- _WORK TO BE COMPLETED_: I'd like the entries repeated exactly, pictures omitted.

- _EXTRACTED RECORDS_:
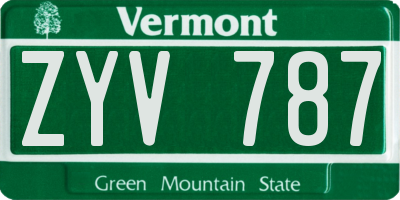 VT license plate ZYV787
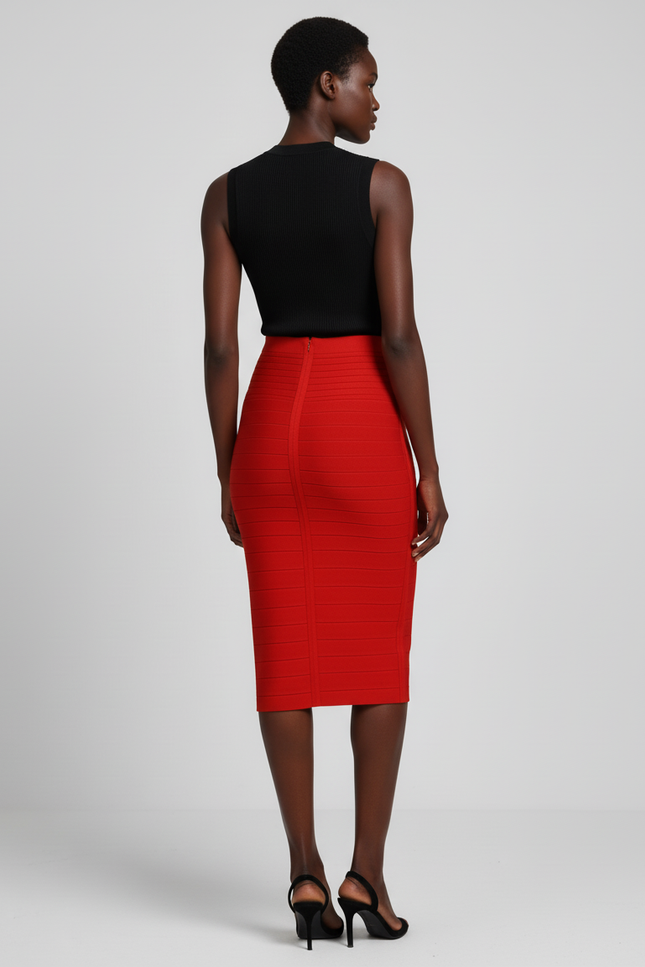 Jupe Crayon Rouge Zippée Chic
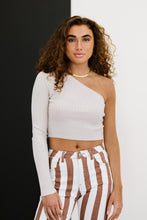 Load image into Gallery viewer, HYFVE Uniquely You One-Shoulder Cropped Sweater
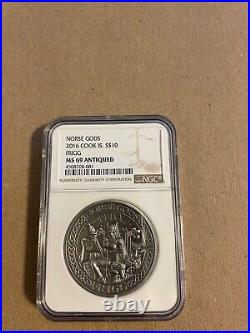 2016 Cook Island Silver Norse Gods Frigg NGC69 Antiqued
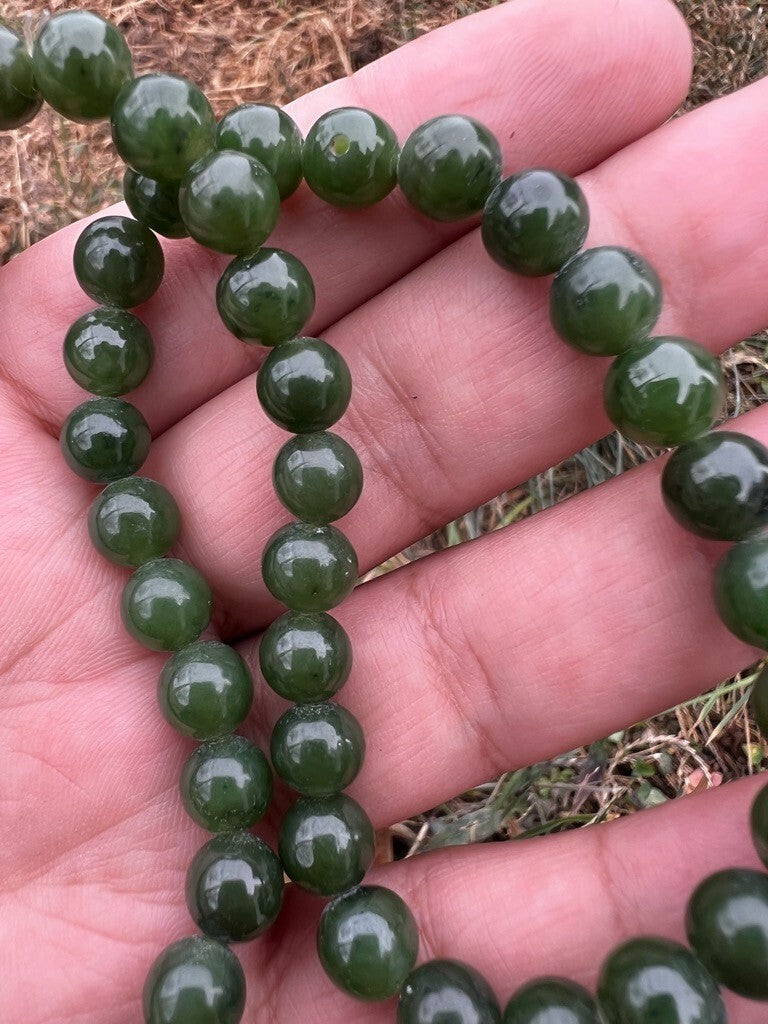 Gorgeous Antique / Vintage Spinach Natural Green Jade Beaded Necklace3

- _COMPLETED TASK_:
 VT license plate ZYV787
 Jupe Crayon Rouge Zippée Chic
 Load image into Gallery viewer, HYFVE Uniquely You One-Shoulder Cropped Sweater
 2016 Cook Island Silver Norse Gods Frigg NGC69 Antiqued
 Gorgeous Antique / Vintage Spinach Natural Green Jade Beaded Necklace3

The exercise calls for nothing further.